▸ Work to be completed
Write out the full set of records exactly. Any pictures in them do not belong in the copy.

Caption-style text data:

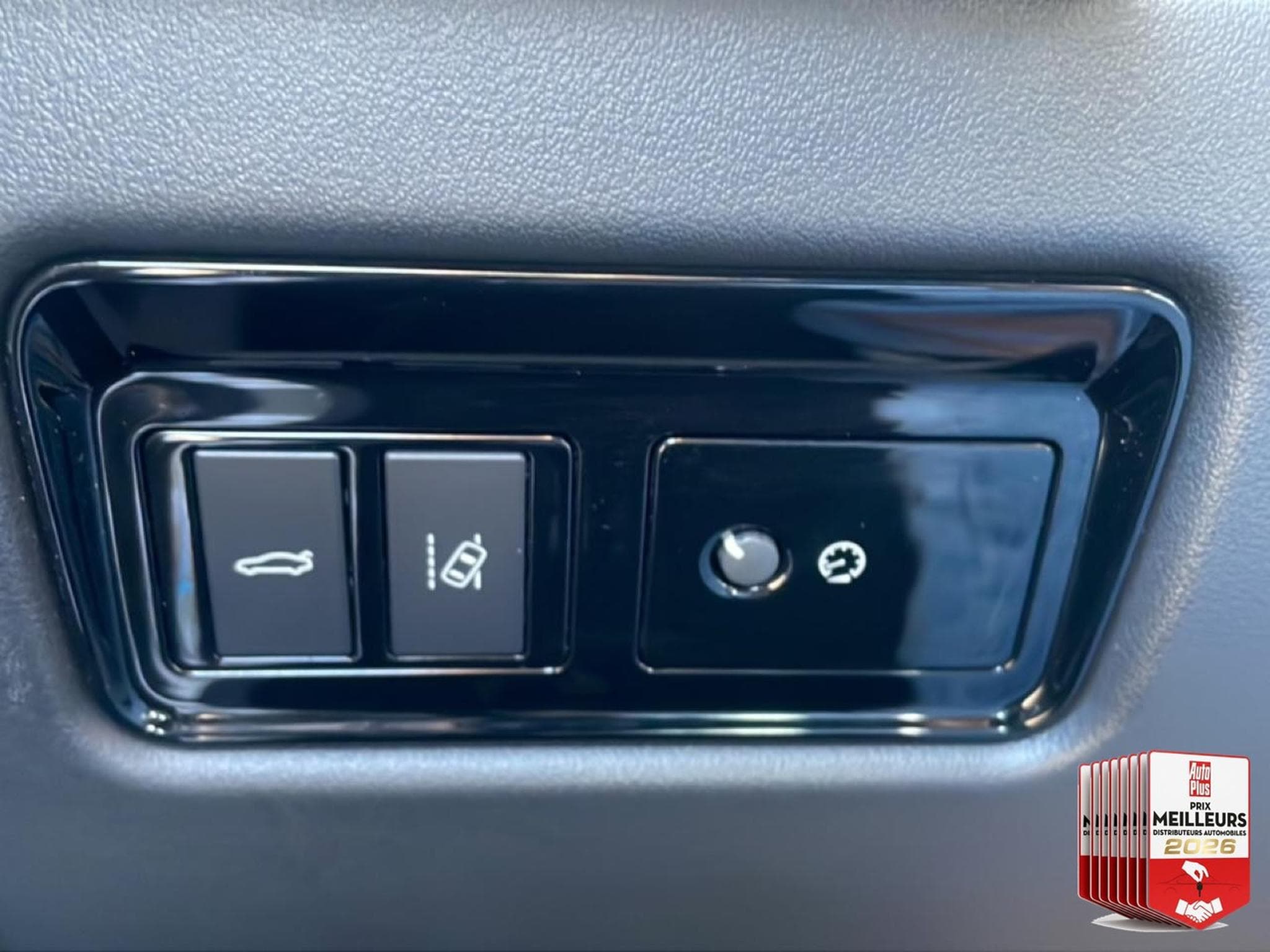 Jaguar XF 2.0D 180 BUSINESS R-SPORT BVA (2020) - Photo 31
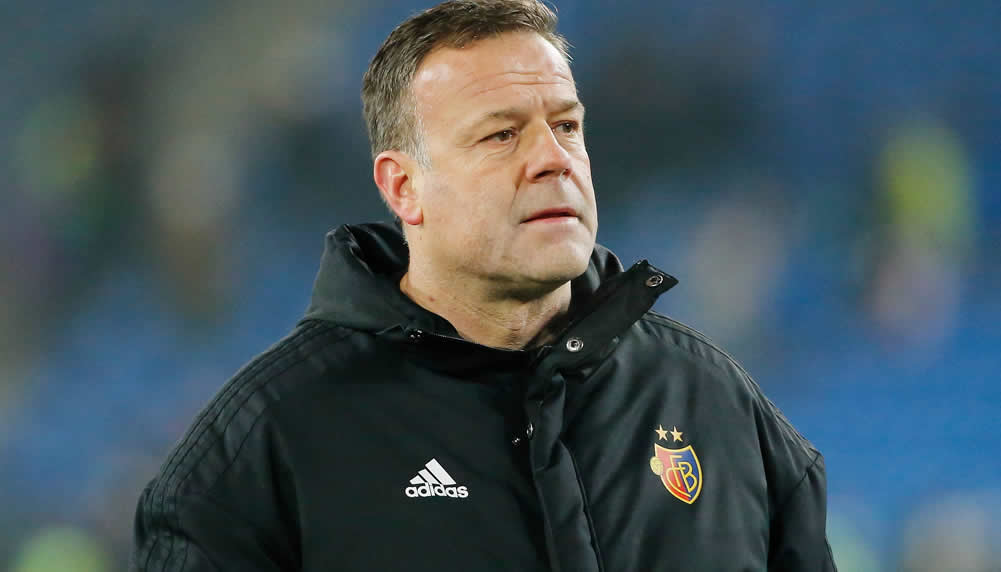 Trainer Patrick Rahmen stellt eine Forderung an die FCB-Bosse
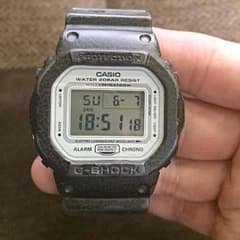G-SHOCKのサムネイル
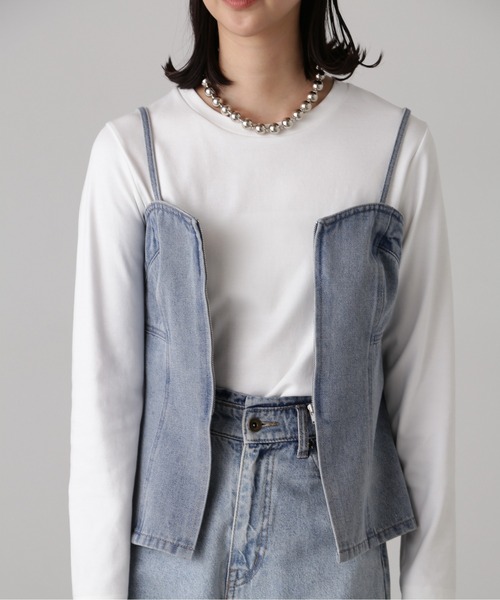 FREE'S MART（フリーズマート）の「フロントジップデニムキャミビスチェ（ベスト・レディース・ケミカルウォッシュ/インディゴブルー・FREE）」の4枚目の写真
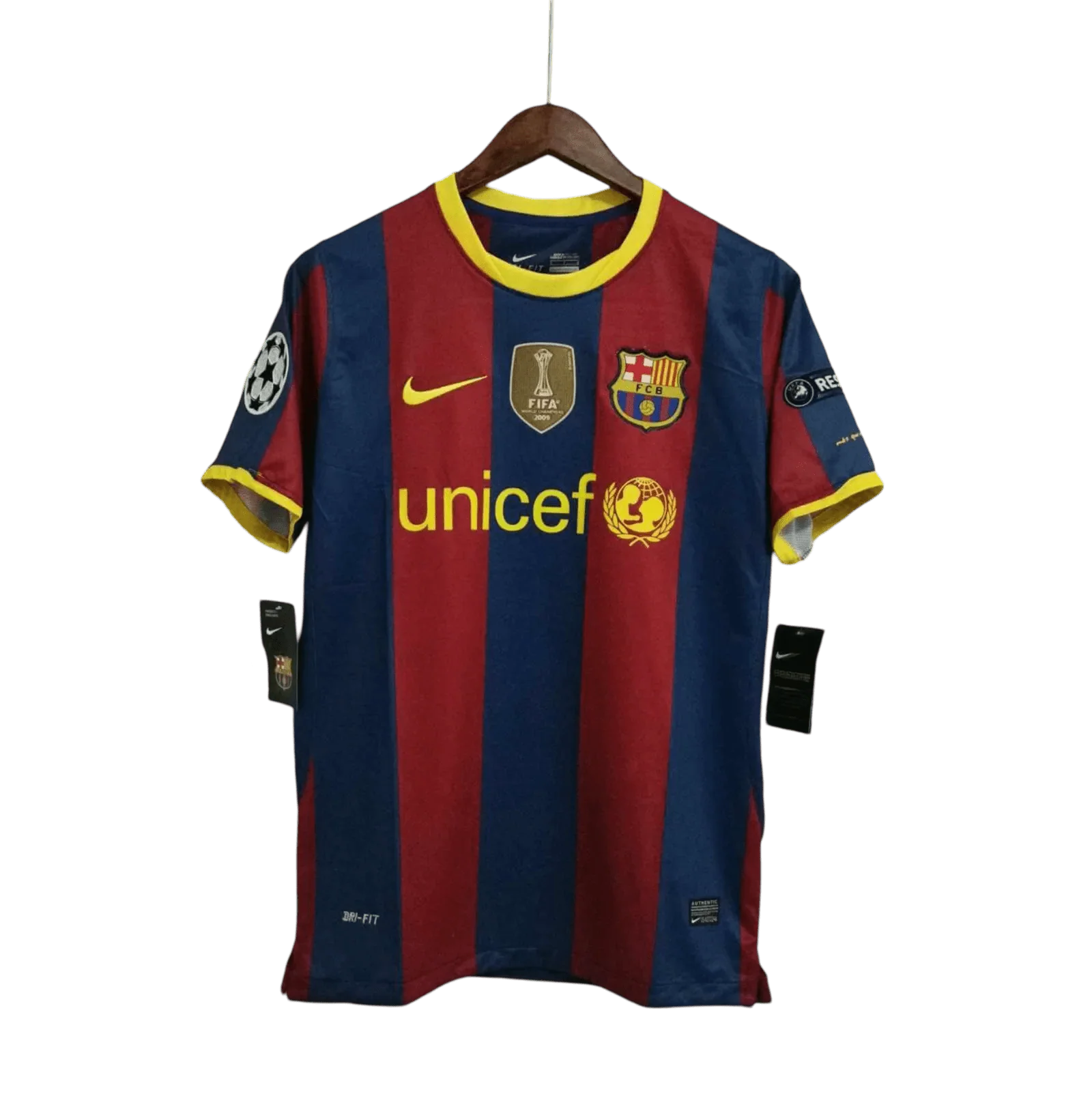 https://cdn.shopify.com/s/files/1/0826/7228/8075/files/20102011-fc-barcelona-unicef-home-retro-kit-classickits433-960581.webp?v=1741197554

▸ Problem solution
 Jaguar XF 2.0D 180 BUSINESS R-SPORT BVA (2020) - Photo 31
 Trainer Patrick Rahmen stellt eine Forderung an die FCB-Bosse
G-SHOCKのサムネイル
 FREE'S MART（フリーズマート）の「フロントジップデニムキャミビスチェ（ベスト・レディース・ケミカルウォッシュ/インディゴブルー・FREE）」の4枚目の写真
 https://cdn.shopify.com/s/files/1/0826/7228/8075/files/20102011-fc-barcelona-unicef-home-retro-kit-classickits433-960581.webp?v=1741197554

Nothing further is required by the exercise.